Collected data

---+---

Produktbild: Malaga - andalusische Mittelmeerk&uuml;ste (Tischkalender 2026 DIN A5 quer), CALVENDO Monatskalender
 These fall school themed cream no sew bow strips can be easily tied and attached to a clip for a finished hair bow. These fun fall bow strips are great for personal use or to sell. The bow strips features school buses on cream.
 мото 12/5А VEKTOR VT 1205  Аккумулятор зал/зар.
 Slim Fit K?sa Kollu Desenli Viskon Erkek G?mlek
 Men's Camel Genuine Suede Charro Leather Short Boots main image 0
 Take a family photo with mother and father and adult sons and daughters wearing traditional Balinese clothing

---+---

* Task requirements
Your answer must be the line that contains "мото 12/5А VEKTOR" and every line after it to the end of the records, reproduced exactly.

* Solution to this task
 мото 12/5А VEKTOR VT 1205  Аккумулятор зал/зар.
 Slim Fit K?sa Kollu Desenli Viskon Erkek G?mlek
 Men's Camel Genuine Suede Charro Leather Short Boots main image 0
 Take a family photo with mother and father and adult sons and daughters wearing traditional Balinese clothing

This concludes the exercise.